In AFM-IR (Molecular Vista), light-matter interaction of the structure can be captured by an AFM cantilever coupled with a light source. A tunable infrared laser (quantum cascade laser, QCL) is incident at the tip-sample interaction, thus inducing a plasmonic effect at the metal-coated tip apex (ppp-NCHAu from Nanosensors TM, spring constant = 42 N·m⁻¹) and creating a lightning rod effect. Therefore, a highly concentrated electromagnetic wave can be induced on the target structure. The photo-induced force is the dipole-dipole interaction between a polarized particle (or atom) on the surface with the image on the tip apex. The near-field optical absorption is captured by using suitable lock-in amplifiers. The cantilever is modulated at the second harmonic at ~1.5 MHz and the laser is modulated at a frequency, f, where f is the difference between the first and second harmonic of the cantilever. The optical response is collected at the first harmonic (~250 kHz) of the cantilever.

Nanoindentation

Pinholes in 6 × 6 arrays on dyn-PDMS and CF_x thin films were fabricated by nanoindentation (Hysitron TI 950 TriboIndenter). The distance between each pinhole was roughly 30 µm and the depth of each indent was controlled by applying a force of 1.2 mN from the indenting tip (Berkovich TI-0039 standard tip, Bruker) to the samples. The average indent depth on the CF_x surface was 70 ± 10 nm and on the dyn-PDMS surface was 25 ± 5 nm. Both indents were deeper than coating thickness to ensure the coating was fully penetrated.

Long-term condensation testing

The samples were attached to a Peltier stage (TP104SC, Instec) oriented vertically using double side copper tape. The stage was connected to a temperature controller (mK2000, Instec) that was set to 5.0 ± 0.1 °C. All condensation experiments were done in ambient conditions (22 °C, 45% relative humidity). A Canon EOS Rebel T6 camera with macro lens (Canon MP-E 65 mm F/2.8 1–5×) captured images of the condensing water droplets at a 2592 × 1728 pixel resolution. The sample was illuminated with an LED ring light (LED-144-YK, AmScope).

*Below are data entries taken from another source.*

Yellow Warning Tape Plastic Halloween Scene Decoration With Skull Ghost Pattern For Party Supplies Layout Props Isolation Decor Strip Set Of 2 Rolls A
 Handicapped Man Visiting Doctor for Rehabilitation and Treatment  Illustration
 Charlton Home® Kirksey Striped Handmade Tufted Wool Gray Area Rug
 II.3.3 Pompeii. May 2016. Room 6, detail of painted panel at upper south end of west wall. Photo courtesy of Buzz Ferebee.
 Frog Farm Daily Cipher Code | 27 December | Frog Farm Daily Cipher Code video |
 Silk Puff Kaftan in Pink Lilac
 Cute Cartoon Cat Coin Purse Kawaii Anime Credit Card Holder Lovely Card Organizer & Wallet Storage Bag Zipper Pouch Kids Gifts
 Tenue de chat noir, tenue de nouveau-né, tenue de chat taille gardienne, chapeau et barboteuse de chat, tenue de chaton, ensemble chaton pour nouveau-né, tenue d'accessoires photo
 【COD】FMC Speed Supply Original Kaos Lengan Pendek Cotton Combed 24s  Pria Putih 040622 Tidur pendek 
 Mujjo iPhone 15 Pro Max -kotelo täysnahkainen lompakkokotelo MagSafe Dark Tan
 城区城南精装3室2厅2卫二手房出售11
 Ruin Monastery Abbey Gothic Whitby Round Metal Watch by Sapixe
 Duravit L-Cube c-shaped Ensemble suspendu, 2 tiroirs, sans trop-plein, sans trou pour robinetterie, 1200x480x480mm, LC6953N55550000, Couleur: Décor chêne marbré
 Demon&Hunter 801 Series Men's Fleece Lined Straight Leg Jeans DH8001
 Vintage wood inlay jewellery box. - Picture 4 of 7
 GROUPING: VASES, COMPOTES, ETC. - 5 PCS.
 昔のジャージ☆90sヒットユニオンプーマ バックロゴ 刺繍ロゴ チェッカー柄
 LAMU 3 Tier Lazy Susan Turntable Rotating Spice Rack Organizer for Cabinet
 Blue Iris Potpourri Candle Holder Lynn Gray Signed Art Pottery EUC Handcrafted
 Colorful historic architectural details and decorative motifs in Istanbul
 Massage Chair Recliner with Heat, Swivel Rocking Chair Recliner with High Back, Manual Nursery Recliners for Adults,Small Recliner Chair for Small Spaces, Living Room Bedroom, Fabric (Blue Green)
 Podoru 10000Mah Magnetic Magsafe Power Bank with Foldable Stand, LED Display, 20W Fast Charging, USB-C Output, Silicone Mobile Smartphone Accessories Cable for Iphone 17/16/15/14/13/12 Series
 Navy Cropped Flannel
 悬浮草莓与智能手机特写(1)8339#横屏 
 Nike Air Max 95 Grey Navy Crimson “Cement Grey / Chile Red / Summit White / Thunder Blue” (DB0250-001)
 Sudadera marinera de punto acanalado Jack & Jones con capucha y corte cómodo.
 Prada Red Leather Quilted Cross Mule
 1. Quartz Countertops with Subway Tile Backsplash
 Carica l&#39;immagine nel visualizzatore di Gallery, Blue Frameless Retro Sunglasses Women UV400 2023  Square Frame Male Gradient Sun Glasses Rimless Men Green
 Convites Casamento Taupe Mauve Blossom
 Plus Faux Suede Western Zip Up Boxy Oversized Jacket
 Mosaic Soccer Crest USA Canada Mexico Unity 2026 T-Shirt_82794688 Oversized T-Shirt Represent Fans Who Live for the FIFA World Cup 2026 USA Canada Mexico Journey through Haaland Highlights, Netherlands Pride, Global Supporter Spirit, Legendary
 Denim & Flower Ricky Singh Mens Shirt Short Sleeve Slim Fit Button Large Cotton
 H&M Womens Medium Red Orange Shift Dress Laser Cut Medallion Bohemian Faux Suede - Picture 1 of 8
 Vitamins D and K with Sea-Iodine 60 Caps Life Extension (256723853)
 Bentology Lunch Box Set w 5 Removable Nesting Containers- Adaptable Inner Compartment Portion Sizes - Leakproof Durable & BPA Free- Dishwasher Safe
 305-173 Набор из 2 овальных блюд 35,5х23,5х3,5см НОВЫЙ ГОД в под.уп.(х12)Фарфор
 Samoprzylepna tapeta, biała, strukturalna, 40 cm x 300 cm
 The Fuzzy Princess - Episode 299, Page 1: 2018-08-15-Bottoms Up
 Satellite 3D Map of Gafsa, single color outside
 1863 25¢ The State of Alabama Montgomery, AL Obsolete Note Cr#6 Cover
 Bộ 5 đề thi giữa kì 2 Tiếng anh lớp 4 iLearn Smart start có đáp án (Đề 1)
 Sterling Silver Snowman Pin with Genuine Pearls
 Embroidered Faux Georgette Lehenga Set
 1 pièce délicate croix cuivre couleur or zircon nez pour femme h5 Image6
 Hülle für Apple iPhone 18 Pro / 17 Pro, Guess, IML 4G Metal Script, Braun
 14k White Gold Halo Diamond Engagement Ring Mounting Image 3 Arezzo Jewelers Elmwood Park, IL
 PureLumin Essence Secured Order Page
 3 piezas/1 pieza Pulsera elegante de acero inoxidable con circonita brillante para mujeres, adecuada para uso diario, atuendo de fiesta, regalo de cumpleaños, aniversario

Condensation observation with the optical microscope

A top-view optical microscope (Nikon Eclipse LV100) coupled to a monochrome camera (Nikon DS-Qi2) was used to study water droplet condensation and evaporation in a laboratory environment having air temperature T_a = 22 ± 1 °C and a relative humidity RH = 45 ± 5% (RO120, Roscid Technologies). We placed the samples horizontally on a cold stage (Linkam T95-PE) and reduced the stage temperature to T_c = 5.0 ± 0.1 °C to initiate and observe droplet growth.

Droplet impact experiment

The deionized water for the impacting experiment was supplied to a 25 gauge needle from a gravity bag (Enteral Feeding Gravity Bag, Dynarex) attached to the ceiling of the room. Droplets having radii ≈1.7 mm formed at the tip of the needle and impacted the substrate from a height  ≈ 10 cm, resulting in an impact speed of v = 1.3 m/s (absolute velocity). A high-speed camera (Phantom v711, Vision Research), coupled to a 1–5× macro lens (Canon MP-E 65 mm F/2.8 1–5×), recorded the impacting droplets at frame rates of 4000 frames per second (fps) and resolutions of 1024 × 768. A fiber-optic cable connected to a light source (EKE 150 W, Kramer Scientific) provided sufficient back-lighting to achieve an exposure time of 10–30 μs.